Open sonofmun opened 7 years ago
Hey @sonofmun I rather have a new node for formatted metadata :
<structured-metadata xmlns="http://capitains.github.io/xmlns">
<dc:author></dc:author>
<dc:title></dc:title>
<dc:editor></dc:editor>
<dc:publisher></dc:publisher>
<dc:year></dc:year>
</structured-metadata>
But with correst DC and DCTerms metadata (Up to @AlisonBabeu to decide what subset we should use I guess). Ultimately, would power for sure this kind of API https://memory.loc.gov/cgi-bin/oai2_0?verb=GetRecord&metadataPrefix=oai_dc&identifier=oai:lcoa1.loc.gov:loc.gmd/g3791p.rr002300
That works for me. Just need to make sure to add @xmlns:dc="http://purl.org/dc/elements/1.1/" to the root element. Oxygen is also OK with it.
Let's wait for @AlisonBabeu and decide on the subset to have. Then I'll also publish it on capitains :)
Here is an example. The subset, etc., can be tweeked:
<ti:work xmlns:dc="http://purl.org/dc/elements/1.1" xmlns:ti="http://chs.harvard.edu/xmlns/cts" xmlns="http://capitains.github.io/xmlns" groupUrn="urn:cts:greekLit:tlg4102" xml:lang="grc" urn="urn:cts:greekLit:tlg4102.tlg045">
<ti:title xml:lang="lat">Catena In Epistulam Juda</ti:title>
<ti:edition urn="urn:cts:greekLit:tlg4102.tlg045.opp-grc1" workUrn="urn:cts:greekLit:tlg4102.tlg045">
<ti:label xml:lang="lat">Catena In Epistulam Juda</ti:label>
<ti:description xml:lang="lat">Catenae (Novum Testamentum), Catena In Epistulam Juda, J. A. Cramer, S.T.P., Oxford University Press, 1840</ti:description>
<structured-metadata xlmns="http://capitains.github.io/xmlns">
<dc:author>Catenae (Novum Testamentum)</dc:author>
<dc:title>Catena In Epistulam Juda</dc:title>
<dc:editor>J. A. Cramer, S.T.P.</dc:editor>
<dc:publisher>Oxford University Press</dc:publisher>
<dc:year>1840</dc:year>
</structured-metadata>
</ti:edition>
</ti:work>
Should the urn for the <dc:author>
and the <dc:title>
be explicitly named?
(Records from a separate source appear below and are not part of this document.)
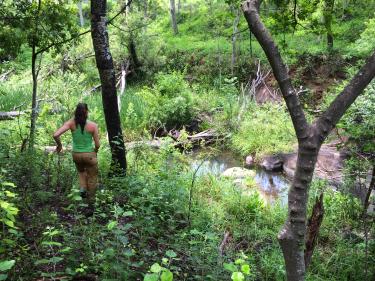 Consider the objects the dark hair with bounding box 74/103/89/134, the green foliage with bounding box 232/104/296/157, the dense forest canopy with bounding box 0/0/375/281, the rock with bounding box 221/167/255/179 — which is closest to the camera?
the dense forest canopy with bounding box 0/0/375/281

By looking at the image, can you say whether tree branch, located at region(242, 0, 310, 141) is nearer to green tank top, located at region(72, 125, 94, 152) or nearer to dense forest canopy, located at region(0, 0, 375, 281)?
dense forest canopy, located at region(0, 0, 375, 281)

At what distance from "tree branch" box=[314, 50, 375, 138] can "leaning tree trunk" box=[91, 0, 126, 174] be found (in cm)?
415

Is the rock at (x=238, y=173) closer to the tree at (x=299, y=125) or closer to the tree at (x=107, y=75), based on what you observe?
the tree at (x=107, y=75)

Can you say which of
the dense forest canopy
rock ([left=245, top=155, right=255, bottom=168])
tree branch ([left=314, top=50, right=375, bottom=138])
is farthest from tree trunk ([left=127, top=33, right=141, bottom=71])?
tree branch ([left=314, top=50, right=375, bottom=138])

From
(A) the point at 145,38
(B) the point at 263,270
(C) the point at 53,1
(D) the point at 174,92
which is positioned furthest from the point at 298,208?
(A) the point at 145,38

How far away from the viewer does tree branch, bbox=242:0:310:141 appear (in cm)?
249

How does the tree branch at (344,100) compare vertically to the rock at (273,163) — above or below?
above

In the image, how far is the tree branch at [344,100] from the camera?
257 cm

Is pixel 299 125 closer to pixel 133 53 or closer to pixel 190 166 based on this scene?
pixel 190 166

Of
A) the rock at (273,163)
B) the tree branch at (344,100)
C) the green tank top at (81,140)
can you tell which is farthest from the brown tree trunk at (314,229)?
the rock at (273,163)

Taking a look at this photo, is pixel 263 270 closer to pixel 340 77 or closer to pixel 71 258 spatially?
pixel 71 258

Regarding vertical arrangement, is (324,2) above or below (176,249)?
above

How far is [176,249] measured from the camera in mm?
4023

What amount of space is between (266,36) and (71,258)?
7.71 feet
Or it is enough to have these in the @groupUrn and @workUrn elements?
Shoot! I notice now that the @xmlns attribute didn't show up on the <structured-metadata>
element. Still needs some tweeking.
I have now tweeked the script and the @xmlns now shows up on the <structured-metadata>
element. Although I also see that it shows up on the root tag. Is that a problem?
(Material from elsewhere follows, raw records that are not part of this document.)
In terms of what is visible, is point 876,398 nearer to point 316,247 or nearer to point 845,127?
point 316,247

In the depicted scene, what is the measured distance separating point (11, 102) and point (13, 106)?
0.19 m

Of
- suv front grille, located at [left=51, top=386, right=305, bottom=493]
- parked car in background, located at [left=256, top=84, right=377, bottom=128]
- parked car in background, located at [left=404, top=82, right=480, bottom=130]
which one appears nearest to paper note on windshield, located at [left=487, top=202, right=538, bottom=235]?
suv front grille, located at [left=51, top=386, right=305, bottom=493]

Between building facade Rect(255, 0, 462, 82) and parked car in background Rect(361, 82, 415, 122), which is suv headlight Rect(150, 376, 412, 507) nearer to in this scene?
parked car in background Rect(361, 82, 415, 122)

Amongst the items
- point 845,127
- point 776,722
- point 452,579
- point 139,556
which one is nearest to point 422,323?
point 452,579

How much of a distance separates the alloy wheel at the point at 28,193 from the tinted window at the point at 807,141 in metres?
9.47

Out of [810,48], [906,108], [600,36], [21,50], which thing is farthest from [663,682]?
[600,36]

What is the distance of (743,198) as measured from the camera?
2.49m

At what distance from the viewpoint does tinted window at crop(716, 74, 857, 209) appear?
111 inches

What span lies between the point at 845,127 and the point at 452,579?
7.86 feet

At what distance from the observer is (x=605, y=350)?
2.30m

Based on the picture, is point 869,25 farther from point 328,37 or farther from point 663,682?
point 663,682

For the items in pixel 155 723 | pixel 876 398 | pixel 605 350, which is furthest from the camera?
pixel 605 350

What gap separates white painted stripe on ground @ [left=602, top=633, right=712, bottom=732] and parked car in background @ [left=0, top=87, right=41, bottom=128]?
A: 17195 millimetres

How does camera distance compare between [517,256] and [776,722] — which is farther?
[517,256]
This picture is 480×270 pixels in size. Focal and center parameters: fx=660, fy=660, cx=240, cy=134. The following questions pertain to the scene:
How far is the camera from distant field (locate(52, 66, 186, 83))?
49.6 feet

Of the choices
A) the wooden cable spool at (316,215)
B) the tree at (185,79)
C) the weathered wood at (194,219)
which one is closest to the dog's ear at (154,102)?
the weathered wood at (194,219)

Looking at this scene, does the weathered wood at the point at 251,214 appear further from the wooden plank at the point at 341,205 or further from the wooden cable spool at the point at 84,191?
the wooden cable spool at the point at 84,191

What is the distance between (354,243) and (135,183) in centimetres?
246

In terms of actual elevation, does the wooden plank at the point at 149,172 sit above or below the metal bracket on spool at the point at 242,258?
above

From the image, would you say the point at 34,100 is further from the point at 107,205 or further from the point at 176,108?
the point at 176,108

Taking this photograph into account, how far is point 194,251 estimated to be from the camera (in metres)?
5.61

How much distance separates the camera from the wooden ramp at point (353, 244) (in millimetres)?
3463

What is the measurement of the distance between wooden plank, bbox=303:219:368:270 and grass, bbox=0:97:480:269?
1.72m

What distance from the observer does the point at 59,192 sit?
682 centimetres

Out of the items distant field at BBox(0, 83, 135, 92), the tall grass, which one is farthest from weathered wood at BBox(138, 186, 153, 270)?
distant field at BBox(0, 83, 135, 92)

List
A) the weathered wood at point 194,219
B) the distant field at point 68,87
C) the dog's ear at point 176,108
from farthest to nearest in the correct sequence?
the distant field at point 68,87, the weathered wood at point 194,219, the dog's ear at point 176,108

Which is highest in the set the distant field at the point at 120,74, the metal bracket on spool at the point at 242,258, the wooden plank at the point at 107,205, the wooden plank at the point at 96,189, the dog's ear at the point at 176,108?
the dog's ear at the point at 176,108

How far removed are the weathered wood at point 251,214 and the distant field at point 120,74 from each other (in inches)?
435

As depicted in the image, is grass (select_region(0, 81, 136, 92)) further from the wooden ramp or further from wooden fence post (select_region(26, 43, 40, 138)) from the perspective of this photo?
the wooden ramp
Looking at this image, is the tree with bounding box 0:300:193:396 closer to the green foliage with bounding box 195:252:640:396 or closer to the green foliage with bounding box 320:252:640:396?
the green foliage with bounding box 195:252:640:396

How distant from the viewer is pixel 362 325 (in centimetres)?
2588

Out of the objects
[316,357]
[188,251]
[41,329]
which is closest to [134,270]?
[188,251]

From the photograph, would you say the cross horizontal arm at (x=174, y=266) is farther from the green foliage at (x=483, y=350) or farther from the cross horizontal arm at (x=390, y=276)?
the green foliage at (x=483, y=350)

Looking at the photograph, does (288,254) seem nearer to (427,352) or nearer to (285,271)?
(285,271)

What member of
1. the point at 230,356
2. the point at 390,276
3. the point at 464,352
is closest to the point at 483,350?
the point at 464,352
Try this to avoid weird situation
<ti:work xmlns:dc="http://purl.org/dc/elements/1.1" xmlns:ti="http://chs.harvard.edu/xmlns/cts" xmlns:cpt="http://capitains.github.io/xmlns" groupUrn="urn:cts:greekLit:tlg4102" xml:lang="grc" urn="urn:cts:greekLit:tlg4102.tlg045">
<ti:title xml:lang="lat">Catena In Epistulam Juda</ti:title>
<ti:edition urn="urn:cts:greekLit:tlg4102.tlg045.opp-grc1" workUrn="urn:cts:greekLit:tlg4102.tlg045">
<ti:label xml:lang="lat">Catena In Epistulam Juda</ti:label>
<ti:description xml:lang="lat">Catenae (Novum Testamentum), Catena In Epistulam Juda, J. A. Cramer, S.T.P., Oxford University Press, 1840</ti:description>
<cpt:structured-metadata xlmns="http://capitains.github.io/xmlns">
<dc:author>Catenae (Novum Testamentum)</dc:author>
<dc:title>Catena In Epistulam Juda</dc:title>
<dc:editor>J. A. Cramer, S.T.P.</dc:editor>
<dc:publisher>Oxford University Press</dc:publisher>
<dc:year>1840</dc:year>
</cpt:structured-metadata>
</ti:edition>
</ti:work>
Note : do you have any kind of subject information ? Like commentary, bible or whatever ?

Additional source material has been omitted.